While probably true, that assertion fails to account for the other benefits described in the affidavit, including each debtor's need for letters of credit--which the agreement would provide--to continue doing business. Weighing Bergemann's lone, unsupported assertion against the debtors' detailed affidavit, we cannot say the bankruptcy court committed clear error in finding that Diamond Power, like the other Debtors, would benefit under the agreement.
Whether Bergemann is adequately protected pursuant to the bankruptcy court's order is not relevant to the issues addressed in this appeal. See infra note 12.
Notably, Braniff mentioned the absolute priority rule only when referring to the requirements the parties must meet in "[a]ny future attempts to specify the terms whereby a reorganization plan is to be adopted." Braniff, 700 F.2d at 940.
See In re Regency Holdings (Cayman), 216 B.R. 371, 374 (Bankr. S.D.N.Y. 1998) (mentioning the absolute priority rule only in passing, while discussing an asset transfer between a subsidiary and its parent); In re Seaview Estates, Inc., 213 B.R. 427, 431-32 (Bankr. E.D.N.Y. 1997) (refusing to interpret a confirmed plan in a way that would violate the absolute priority rule).
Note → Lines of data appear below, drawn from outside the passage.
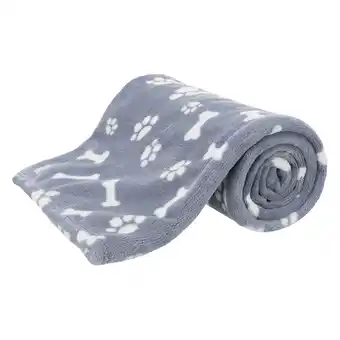 Zooplus 75x50cm Trixie Hondendeken Kenny Blauw aanbieding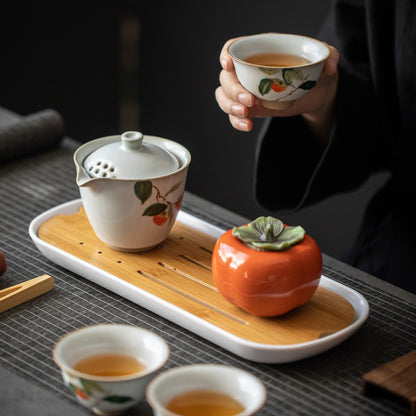 Ruyao Persimmon Travel Tea Set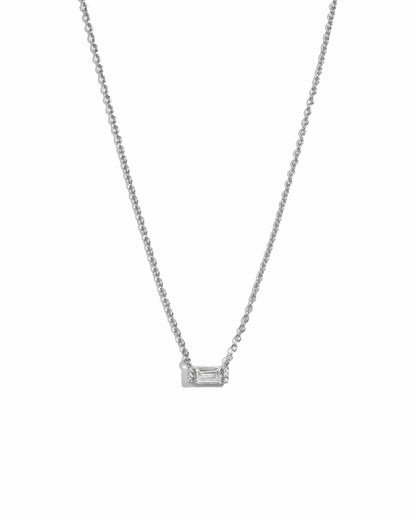 Baguette Necklace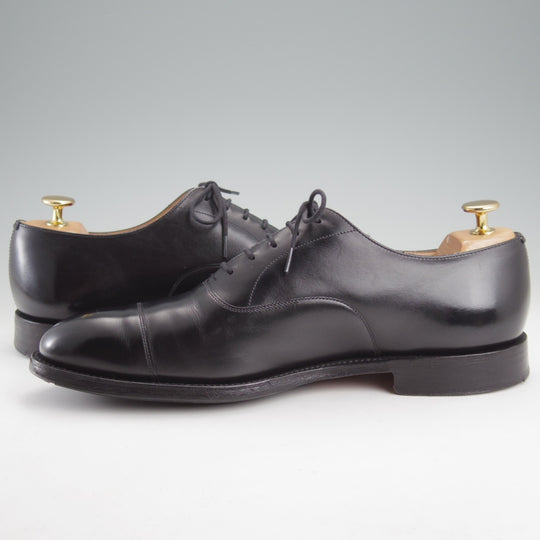 極上★チャーチ 75F/UK7.5【定価￥181,500-★コンサル/CONSUL】173ラスト/ストレートチップ/カーフ/黒/メンズ/Church's★n833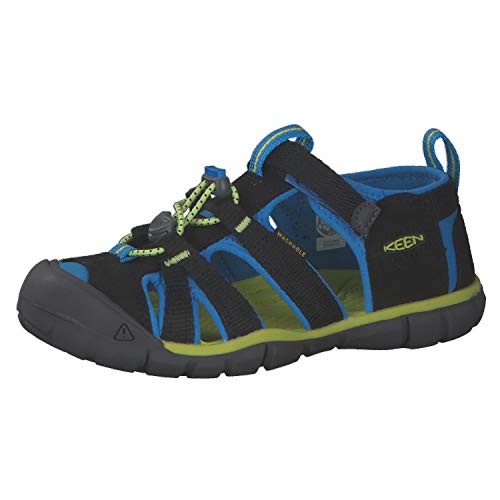 KEEN Unisex Kinder seacamp 2 cnx Sandalen, Black Brilliant Blue,...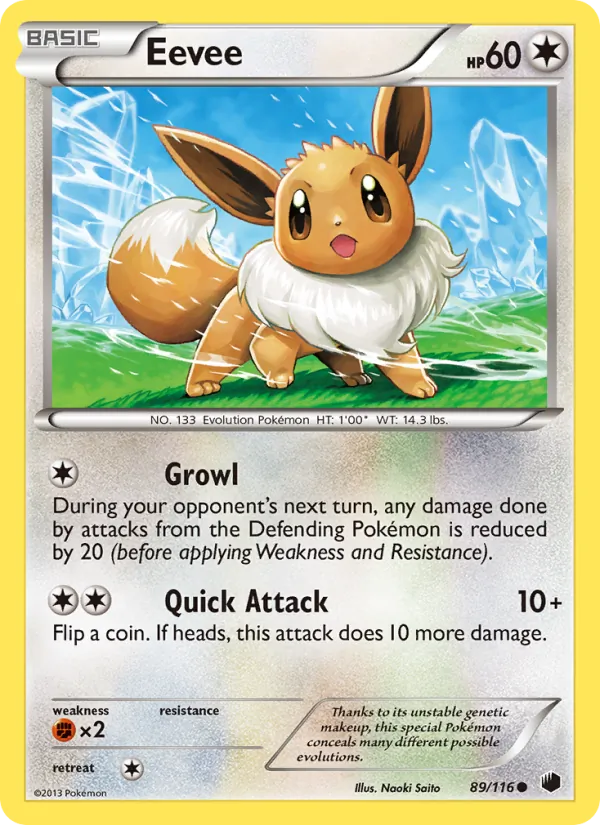 Eevee - Plasma Freeze Pokemon Card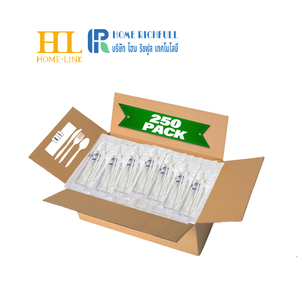 Paquete de cubiertos de plástico envueltos ligeros al por mayor con servilleta juego de utensilios PP/PS de 2,5G juego de cubiertos desechables cubiertos de línea aérea - Product Image 5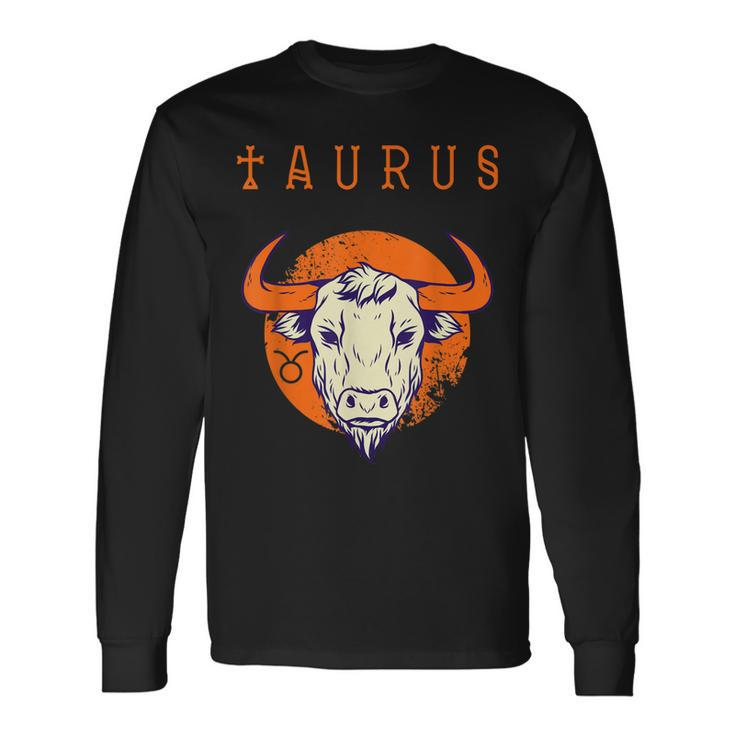 April May Taurus Astrological Sign Bull Zodiac Birthday Long Sleeve T-Shirt T-Shirt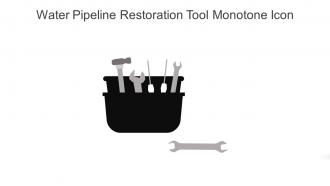 Water Pipeline Restoration Tool Monotone Icon In Powerpoint Pptx Png And Editable Eps Format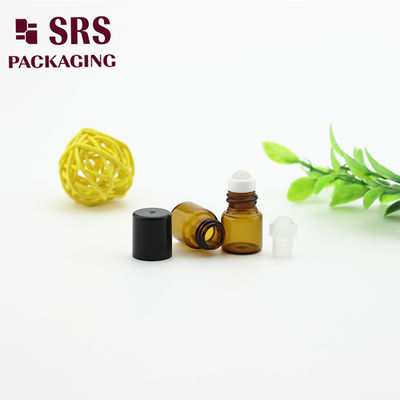 kaufen SRS leere 1-ml-Rollflasche aus Braunglas mit schwarzem Kunststoffverschluss Online-Herstellung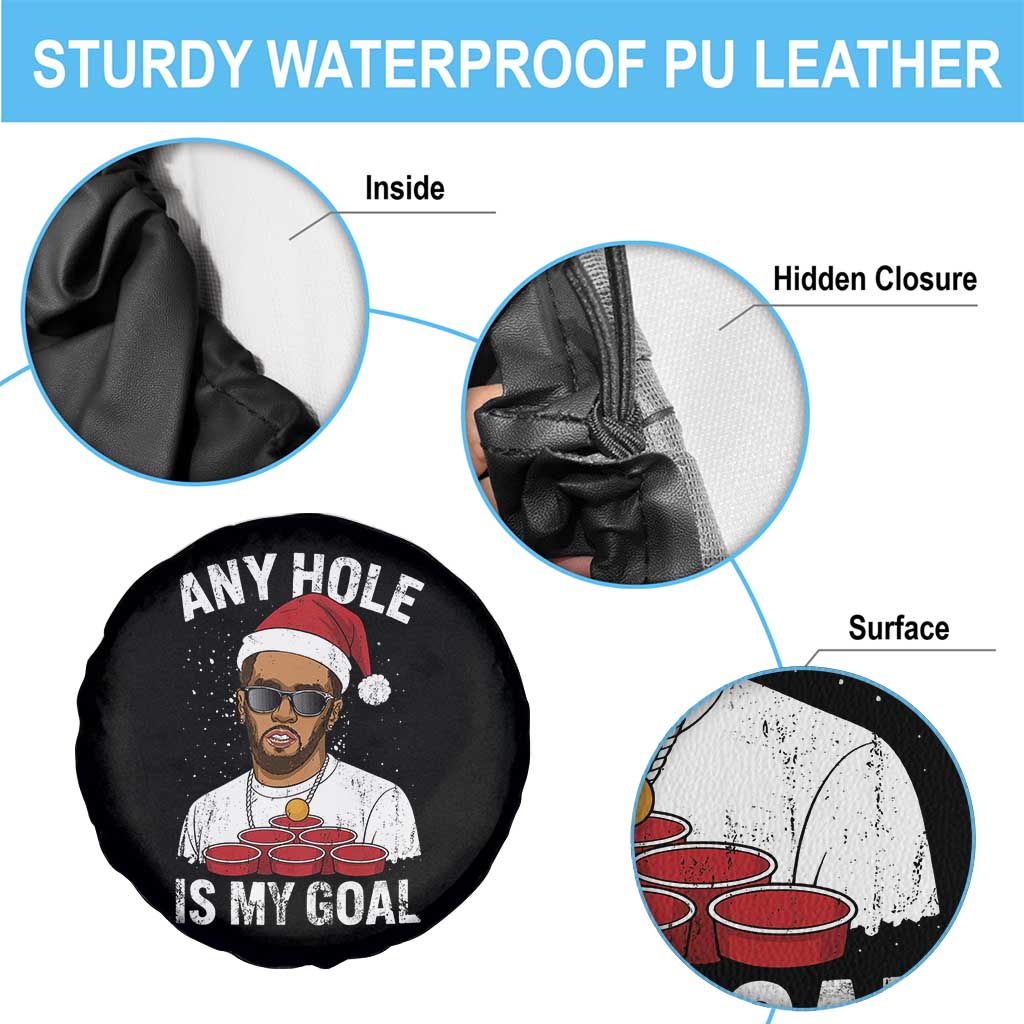 Funny Christmas Diddy Spare Tire Cover Any Hole is My Goal TS10 Print Your Wear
Furthermore, 495 Central Park involved a financing transaction under § 364(d), which requires "adequate protection" of senior lienholders. In contrast, the financing agreement in this case is authorized by § 364(c), which does not require adequate protection. See In re Garland Corp., 6 B.R. 456, 462 (1st Cir. B.A.P. 1980). Likewise, Bergemann is an unsecured creditor, not a senior lienholder, and thus would not be entitled to adequate protection even under § 364(d). See In re Simasko Prod. Co., 47 B.R. 444, 448 (Bankr. D. Colo. 1985). Thus, the rationale of 495 Central Park applies even more strongly to the financing agreement in this case.
In re Creditors Serv. Corp., 195 B.R. 680, 689 n.5 (Bankr. S.D. Ohio 1996). The text quoted in Bergemann's brief to the bankruptcy court, while mentioning the terms "fraudulent conveyance" and "substantive consolidation," opined only that an overbroad view of the scope of substantive consolidation presents the danger that multiple fraudulent conveyances might serve as the basis for an improper substantive consolidation. Notably, neither the quoted text nor any other part of the opinion stated that an alleged substantive consolidation effects--or even presents the danger of--a fraudulent conveyance. The mere fact that the terms "fraudulent conveyance" and "substantive consolidation" appear in the same quoted sentence does not preserve the issue of whether the DIP financing order is a fraudulent conveyance.
In re Lawrence Paperboard Corp., 76 B.R. 866, 874 (Bankr. D. Mass 1987) (quoting Ruben v. Mfrs. Hanover Trust, 661 F.2d 979, 981 (2d Cir. 1981)).
Even if Bergemann had not waived the issue of fraudulent conveyance, its argument, which is premised on the proposition that Diamond Power received no benefit from the DIP financing agreement, is without merit. As discussed supra note 8, the bankruptcy court properly found as a matter of fact that Diamond Power needed and benefited from the agreement.